(Items listed in a dataset)
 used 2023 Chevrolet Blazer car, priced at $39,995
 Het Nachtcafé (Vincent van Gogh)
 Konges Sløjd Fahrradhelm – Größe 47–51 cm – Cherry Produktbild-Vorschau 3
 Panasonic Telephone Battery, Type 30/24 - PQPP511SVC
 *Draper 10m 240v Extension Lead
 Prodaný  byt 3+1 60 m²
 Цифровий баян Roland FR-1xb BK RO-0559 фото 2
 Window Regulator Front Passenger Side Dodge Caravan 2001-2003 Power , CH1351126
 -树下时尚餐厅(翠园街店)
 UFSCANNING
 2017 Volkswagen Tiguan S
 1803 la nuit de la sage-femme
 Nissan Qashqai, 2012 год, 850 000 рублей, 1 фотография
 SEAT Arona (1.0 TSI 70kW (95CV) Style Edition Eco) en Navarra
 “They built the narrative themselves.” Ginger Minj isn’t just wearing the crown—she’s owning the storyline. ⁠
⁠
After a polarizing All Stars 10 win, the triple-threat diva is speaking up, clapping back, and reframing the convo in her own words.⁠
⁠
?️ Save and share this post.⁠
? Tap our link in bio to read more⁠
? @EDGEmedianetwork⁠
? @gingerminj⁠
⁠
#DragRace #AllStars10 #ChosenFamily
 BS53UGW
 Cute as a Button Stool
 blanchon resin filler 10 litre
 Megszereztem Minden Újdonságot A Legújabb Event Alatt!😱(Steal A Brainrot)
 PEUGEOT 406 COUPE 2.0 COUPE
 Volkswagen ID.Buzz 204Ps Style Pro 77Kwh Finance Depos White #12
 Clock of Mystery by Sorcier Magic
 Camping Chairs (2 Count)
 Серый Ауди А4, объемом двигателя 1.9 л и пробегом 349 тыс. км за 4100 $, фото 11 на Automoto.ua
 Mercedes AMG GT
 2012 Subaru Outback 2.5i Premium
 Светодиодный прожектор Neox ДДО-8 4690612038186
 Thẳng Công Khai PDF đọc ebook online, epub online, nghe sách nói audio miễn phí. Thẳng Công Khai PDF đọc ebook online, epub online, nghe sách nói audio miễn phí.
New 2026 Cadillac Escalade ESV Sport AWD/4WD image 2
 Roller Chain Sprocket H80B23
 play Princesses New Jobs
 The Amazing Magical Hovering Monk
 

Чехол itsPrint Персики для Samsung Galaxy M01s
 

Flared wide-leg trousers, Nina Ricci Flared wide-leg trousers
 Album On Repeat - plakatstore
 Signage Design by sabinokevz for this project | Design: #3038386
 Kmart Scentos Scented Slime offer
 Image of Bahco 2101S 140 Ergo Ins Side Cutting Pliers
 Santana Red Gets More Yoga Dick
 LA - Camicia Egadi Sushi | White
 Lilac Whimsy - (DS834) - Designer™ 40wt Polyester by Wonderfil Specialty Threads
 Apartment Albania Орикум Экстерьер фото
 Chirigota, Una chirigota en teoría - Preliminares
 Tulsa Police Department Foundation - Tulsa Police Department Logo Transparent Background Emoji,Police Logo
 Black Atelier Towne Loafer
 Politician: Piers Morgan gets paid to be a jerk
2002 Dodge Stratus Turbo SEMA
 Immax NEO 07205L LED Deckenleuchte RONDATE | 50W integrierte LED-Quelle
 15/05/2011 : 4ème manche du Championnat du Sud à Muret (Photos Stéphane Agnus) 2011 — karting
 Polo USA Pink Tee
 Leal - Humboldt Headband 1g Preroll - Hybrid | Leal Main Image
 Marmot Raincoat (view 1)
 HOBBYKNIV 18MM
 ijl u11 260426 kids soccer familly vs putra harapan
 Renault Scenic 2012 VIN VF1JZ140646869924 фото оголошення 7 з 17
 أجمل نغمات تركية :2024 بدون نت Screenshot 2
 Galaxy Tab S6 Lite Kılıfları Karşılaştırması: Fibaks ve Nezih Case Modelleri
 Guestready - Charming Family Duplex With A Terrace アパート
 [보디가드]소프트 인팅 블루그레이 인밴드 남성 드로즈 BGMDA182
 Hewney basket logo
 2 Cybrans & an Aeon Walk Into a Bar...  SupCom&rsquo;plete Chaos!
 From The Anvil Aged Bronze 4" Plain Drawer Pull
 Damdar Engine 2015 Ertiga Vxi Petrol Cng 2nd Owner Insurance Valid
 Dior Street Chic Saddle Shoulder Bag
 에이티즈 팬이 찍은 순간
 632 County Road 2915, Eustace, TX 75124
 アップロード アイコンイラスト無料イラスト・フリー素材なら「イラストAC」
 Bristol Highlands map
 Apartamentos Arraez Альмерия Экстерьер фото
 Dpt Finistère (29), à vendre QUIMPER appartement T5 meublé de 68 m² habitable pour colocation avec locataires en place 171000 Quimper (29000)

_Problem to work on_:
What you give back should be exactly the lines of the data above from the line with "Apartment Albania Орикум Экстерьер фото" through the line with "Immax NEO 07205L", both of those included, and nothing more.

_Exercise result_:
 Apartment Albania Орикум Экстерьер фото
 Chirigota, Una chirigota en teoría - Preliminares
 Tulsa Police Department Foundation - Tulsa Police Department Logo Transparent Background Emoji,Police Logo
 Black Atelier Towne Loafer
 Politician: Piers Morgan gets paid to be a jerk
2002 Dodge Stratus Turbo SEMA
 Immax NEO 07205L LED Deckenleuchte RONDATE | 50W integrierte LED-Quelle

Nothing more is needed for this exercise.